Créer un immense jardin de palais, Jardin de Boboli (codz. III, IV et X 9.00-17.30; V-IX 9.00-18.30; XI-II 9.00-16.30; Entrée libre), il a commencé, lorsque les Médicis ont pris possession du Palazzo Pitti, et a continué jusqu'au début du 17ème siècle. C'est le seul vaste espace vert du centre, donc il peut être bondé autour des portes; cependant, vers le centre du jardin, il se calme, car beaucoup sont découragés par la forte pente des ruelles.

De toutes les décorations maniéristes du jardin, la Grotta del Buontalenti est la plus célèbre, près de l'entrée, à gauche de la façade du palais, à côté de la figure du nain de cour Cosimo I. (sur des milliers de cartes postales). Parmi les fausses stalactites se trouvent les bergers et les moutons, qui ressemblent à des éponges calcifiées, et dans les coins se trouvent des répliques des esclaves de Michel-Ange, remplacement des originaux, qui ont été ici jusqu'à 1908 r.

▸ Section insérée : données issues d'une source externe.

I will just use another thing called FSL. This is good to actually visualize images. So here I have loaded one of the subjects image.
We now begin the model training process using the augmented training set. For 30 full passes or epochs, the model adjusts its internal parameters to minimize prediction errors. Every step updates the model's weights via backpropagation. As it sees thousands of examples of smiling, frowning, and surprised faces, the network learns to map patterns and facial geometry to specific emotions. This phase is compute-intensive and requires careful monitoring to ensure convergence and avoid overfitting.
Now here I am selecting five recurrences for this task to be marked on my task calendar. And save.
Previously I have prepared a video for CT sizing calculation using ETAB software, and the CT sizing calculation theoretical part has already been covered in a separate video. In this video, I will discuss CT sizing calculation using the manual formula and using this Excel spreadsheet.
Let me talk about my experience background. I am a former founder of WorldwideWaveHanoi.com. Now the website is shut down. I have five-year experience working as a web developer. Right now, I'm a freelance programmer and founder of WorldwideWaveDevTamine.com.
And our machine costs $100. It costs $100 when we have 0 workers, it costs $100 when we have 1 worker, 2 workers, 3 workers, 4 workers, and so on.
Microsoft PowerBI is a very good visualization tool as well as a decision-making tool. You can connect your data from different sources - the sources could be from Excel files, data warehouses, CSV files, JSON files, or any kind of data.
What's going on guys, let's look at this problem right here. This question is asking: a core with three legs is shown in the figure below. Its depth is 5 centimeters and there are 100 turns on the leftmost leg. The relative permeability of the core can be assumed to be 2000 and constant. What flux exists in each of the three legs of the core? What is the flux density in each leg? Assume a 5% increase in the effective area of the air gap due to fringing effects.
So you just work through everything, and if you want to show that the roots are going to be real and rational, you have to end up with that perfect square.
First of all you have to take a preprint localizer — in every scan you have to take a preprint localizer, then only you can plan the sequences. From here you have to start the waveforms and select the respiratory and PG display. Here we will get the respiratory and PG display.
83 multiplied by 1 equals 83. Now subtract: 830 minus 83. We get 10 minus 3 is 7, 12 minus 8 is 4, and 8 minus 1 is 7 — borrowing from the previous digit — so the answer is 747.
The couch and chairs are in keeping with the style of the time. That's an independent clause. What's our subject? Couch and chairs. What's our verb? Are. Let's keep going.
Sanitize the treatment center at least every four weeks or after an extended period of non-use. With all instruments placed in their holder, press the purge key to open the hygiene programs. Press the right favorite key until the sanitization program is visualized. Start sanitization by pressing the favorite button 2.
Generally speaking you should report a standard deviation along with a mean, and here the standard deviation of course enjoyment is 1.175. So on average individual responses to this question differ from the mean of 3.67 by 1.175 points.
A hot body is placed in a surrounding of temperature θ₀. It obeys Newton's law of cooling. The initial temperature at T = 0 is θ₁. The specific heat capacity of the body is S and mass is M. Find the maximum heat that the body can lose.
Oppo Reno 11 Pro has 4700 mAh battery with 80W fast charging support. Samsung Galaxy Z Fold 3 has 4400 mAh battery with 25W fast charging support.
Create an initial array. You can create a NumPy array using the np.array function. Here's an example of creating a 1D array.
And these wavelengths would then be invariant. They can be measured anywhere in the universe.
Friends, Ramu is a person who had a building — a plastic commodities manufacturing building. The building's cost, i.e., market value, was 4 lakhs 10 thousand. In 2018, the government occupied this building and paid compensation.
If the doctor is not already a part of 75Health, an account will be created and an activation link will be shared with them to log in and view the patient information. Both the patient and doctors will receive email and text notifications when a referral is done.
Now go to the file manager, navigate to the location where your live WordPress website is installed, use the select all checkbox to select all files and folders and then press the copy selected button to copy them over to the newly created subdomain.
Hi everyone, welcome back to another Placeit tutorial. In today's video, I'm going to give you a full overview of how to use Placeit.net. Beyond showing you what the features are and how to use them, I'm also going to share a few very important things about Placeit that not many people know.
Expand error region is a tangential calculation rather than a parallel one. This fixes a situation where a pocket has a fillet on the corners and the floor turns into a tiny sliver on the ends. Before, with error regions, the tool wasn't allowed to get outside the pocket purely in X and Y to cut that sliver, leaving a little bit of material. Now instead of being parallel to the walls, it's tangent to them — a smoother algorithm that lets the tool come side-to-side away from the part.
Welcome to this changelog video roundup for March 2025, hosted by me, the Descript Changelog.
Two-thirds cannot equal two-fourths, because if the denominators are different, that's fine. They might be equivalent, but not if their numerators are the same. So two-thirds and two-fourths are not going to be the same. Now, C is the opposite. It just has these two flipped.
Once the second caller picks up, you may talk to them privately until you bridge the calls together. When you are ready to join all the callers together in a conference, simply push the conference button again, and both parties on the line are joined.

Il se tient dans les profondeurs les plus profondes de la grotte (normalement seulement visible de derrière les balustrades) Vénus Giambologni, dont l'entourage des nains se moquait.

Immense amphithéâtre, face à la cour du palais, a été conçu au 17ème siècle. comme une arène pour les festivités des Médicis, sur le site d'un jardin en forme de cirque romain, préalablement planifié par Ammannati. À l'autre bout des jardins, l'accent est mis sur une île sur une fontaine appelée Isolotto; il vaut mieux y aller le long de l'avenue principale des cyprès, appelé Viottolone, décoré d'une rangée de sculptures, y compris de nombreux originaux romains. Aller de l'avant, directement de la fontaine, vous arrivez à Porta Romana, qui tire son nom de la porte du 14ème siècle sur la rue à l'extérieur.

Habituellement, il est possible de sortir des jardins par la porte menant à Forte di Behedere (codz. 9.00-20.00; Entrée libre), forteresse en forme d'étoile, construit sur l'ordre de Ferdinand Ier siècle 1590 r. prétendument pour la défense de la ville, mais en fait pour intimider les sujets florentins du grand-duc. Des expositions d'art ont parfois lieu dans le palais en boîte au milieu de la forteresse, mais ils fournissent rarement des impressions plus intéressantes que l'incroyable panorama de la ville qui s'étend de là. Costa San Giorgio mène au fort, qui commence à l'arrière de Santa Felicita. À l'est du belvédère se trouve la partie la mieux conservée des murs fortifiés; la via di Belvedere le longe., attractif, bien qu'un itinéraire fatigant vers San Miniato.